Much of the money that flows into communication represents money coming from the powerful in order to persuade.  Much less money is spent creating environments in which powerless people can speak and make their own decisions.

To practice in the public interest, our job is to encourage those in power to speak truth.  And to make it possible for voiceless people to speak truth to power.

Jim Grunig's two-way symmetric model of public relations sets mutual understanding as its goal.  It is the best that we have in public relations theory that comes close to defining PR in the public interest and as a potential ally in the fight for positive social change.

Communication for social change takes that many steps further.  It is communication systems, tools and processes owned by people in communities to make their own decisions in support of individual and social change.

It is the kind of communication that led a group of miners in Bolivia to develop their own community radio stations as a source of information and a forum for change.  It is the kind of communication that guides community conversations on HIV-AIDS and poverty; conversations sparked by television soap operas produced by Soul City in South Africa.  It is the kind of communication that helped a citizens' group in Decatur, Illinois confront underlying causes of racism through open and honest dialogue among citizens.

These are all examples of grassroots communication that plays a vital part in redefining what the interest of the public really is.

At the Consortium, we believe it is part of our mission to serve as a bridge between the important work that goes on at the community level and the universities that train communicators and the policy-makers who set the budgets for communication focused on poor communities worldwide.  

We are advocates for a more participatory approach to communication and decision-making.  We want to broaden the role of communication and the communicator, moving beyond a strict reliance on strategies of transmission and diffusion like PR and social marketing.  Most of us would, of course, endorse bottom-up as well as top-down communication. We poll and use focus groups to gauge reaction.  But these are primarily information-gathering and message-shaping activities.

Communication for social change makes use of the other megaforce of communication: interaction and dialogue.  If people learn of things through transmitted messages, they make sense of them through interaction " through talk and dialogue. It is through dialogue that people come to understand, as Grunig said.  More importantly, it is through dialogue that people come to create a changed perception " and a changed reality for themselves.

The energy and motivation to use communication in this way is present all over the world.  Some of you may have seen the article on the front page of today's NY Times about the flood of first-graders crowding schools in Kenya from all over the region.  What it took to open those doors was the elimination of tuition. But to get to that seemingly simply policy change, years of public and private dialogue happened first; dialogue that allowed people from across society to determine their values about universal primary education.  Communication for social change taps into collective will and energy " and a community's motivation to learn and to act.

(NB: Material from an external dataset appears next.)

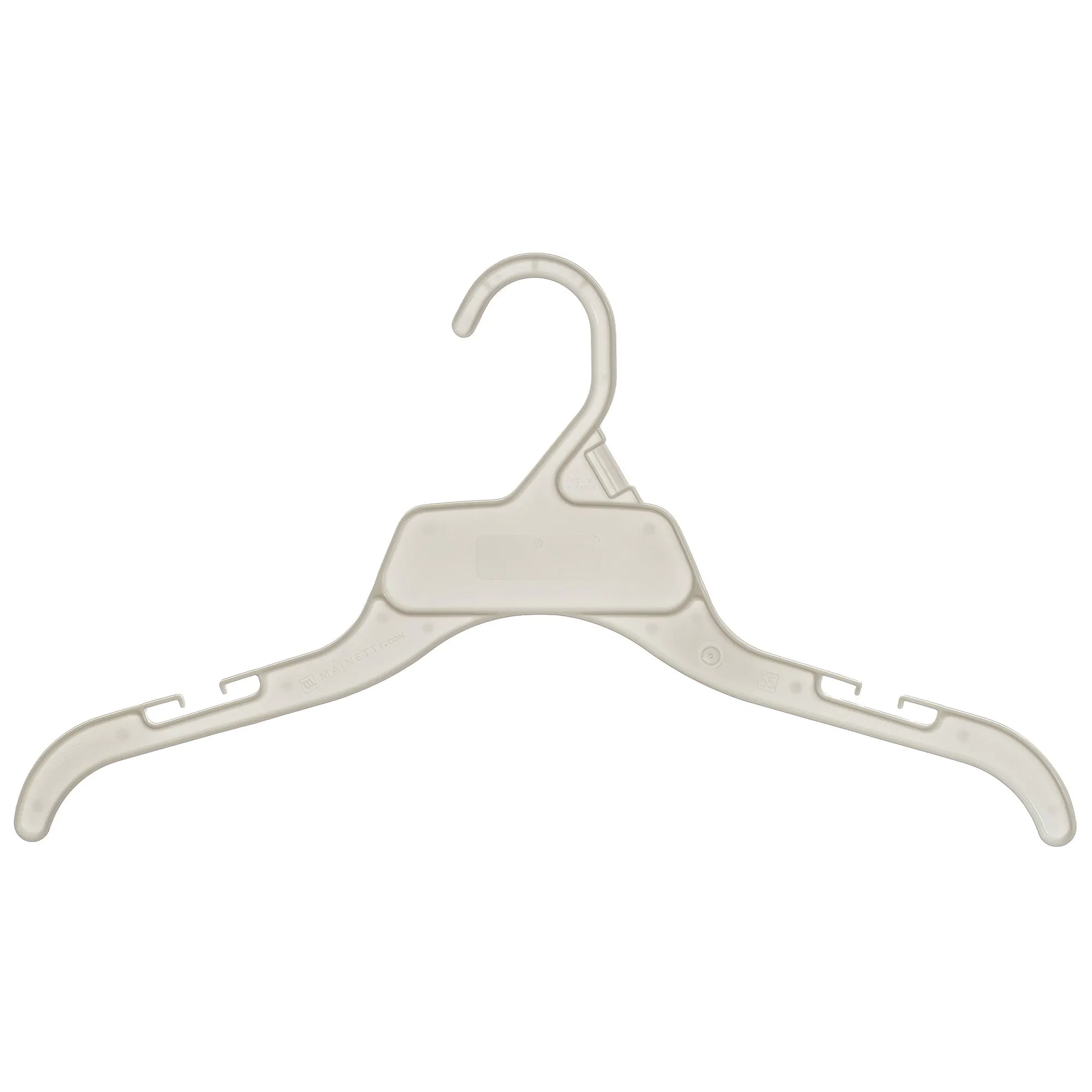 Mainetti 472, 15" White all Plastic, Shirt Top Dress Hangers, with notches for straps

I mentioned before that we want to serve as a bridge between local efforts and multinational organizations.  What else do we do?  We advocate for communication in the public interest.  We produce resources like the on-line body of knowledge you can find on our website at http://www.communicationforsocialchange.org .  We conduct training and educational programs.  And we practice and consult.

In outline, our approach is straightforward. We use communication to strengthen the voices of poor and marginalized people.  We encourage private and public dialogue.  We support collective action.  And we help people learn to evaluate their progress and report the results so that they can connect their efforts to others working for social change.

I'm sure that the process I have outlined is probably familiar to you.  It represents the communication capacity we have in the developed world, even if we do not make use of it in the public interest the way we could. It is that capacity for communication and change decided on by the public that we want to help strengthen in poorer communities worldwide.